There probably isn’t a single correct way to go about it, but some people will simply feature better than others at the task, and others will follow their footsteps, until a well-trodden path is established. Well trodden-paths eventually evolve into main routes, which attract services for the travelers, which lead to an economy (motels, restaurants, bars), and eventually a town is build around a main road.
My guess is that, eventually, this is how the current gap will be bridged (figuratively speaking). The clear signs of demand are out there for all to see, but supply is still short and an open challenge — no one says it’s going to be easy; on the contrary, it’s quite hard to deliver in (i.e. translate to) layman terms that which was naturally learned through the language of scientific specialism, because the whole educational path is designed to be as smooth a transition as possible — whereas the gap we’re speaking about is full of bumps and wrinkles that needs ironing out.
Probably the best (if not only) way to fill this gap is by paying attention to those who succeeded (in some degree) in these early steps; and by mutual feedback between the trained and untrained, between provider and consumer (so to speak).

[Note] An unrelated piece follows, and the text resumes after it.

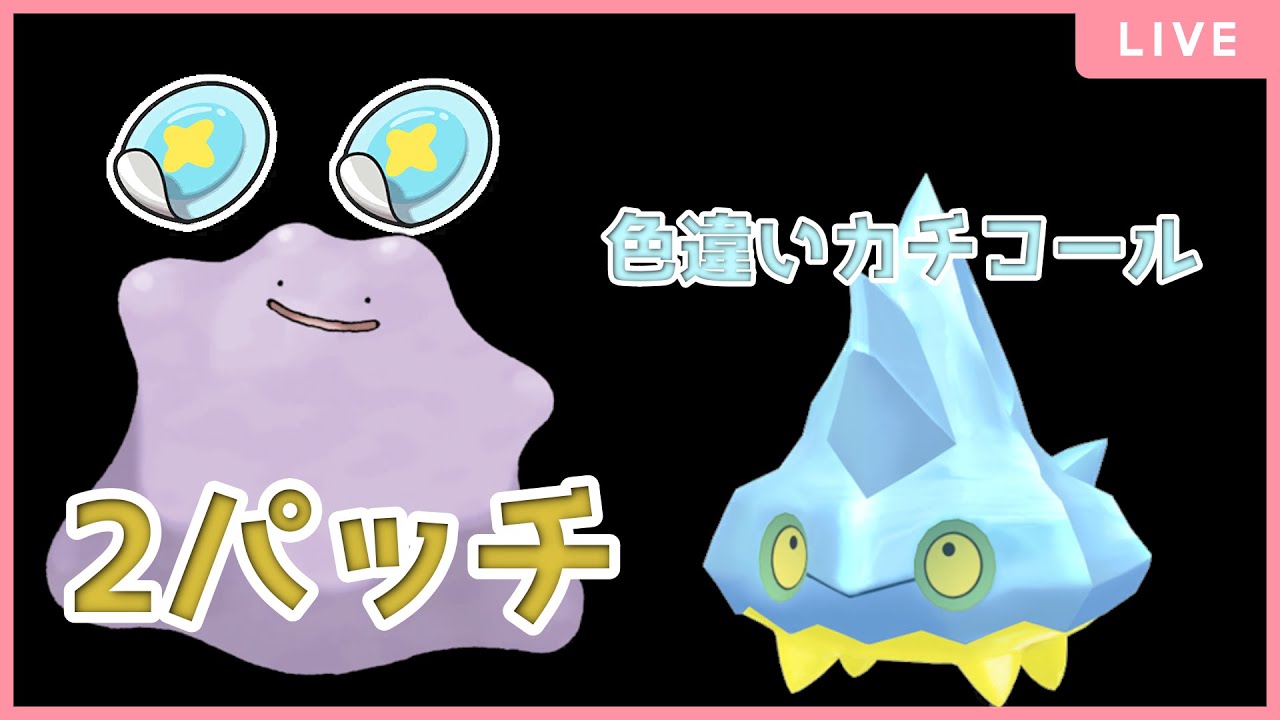 【視聴者参加型！概要欄必読】 色違いカチコール＆パッチ　自動レイド配信枠【ポケモンsv】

And I can’t think of a better place than this community, Strumenta, for this task, since it includes both professionals and amateurs, and offers a trusted (and closed) space where it’s possible to discuss the topic without starting flame-wars.
I hope that the tutorial link and my shared thoughts on this topic might inspire those who wish to open the doors of language design to non-experts, in some degree or another, e.g. by writing books, creating video tutorials, etc.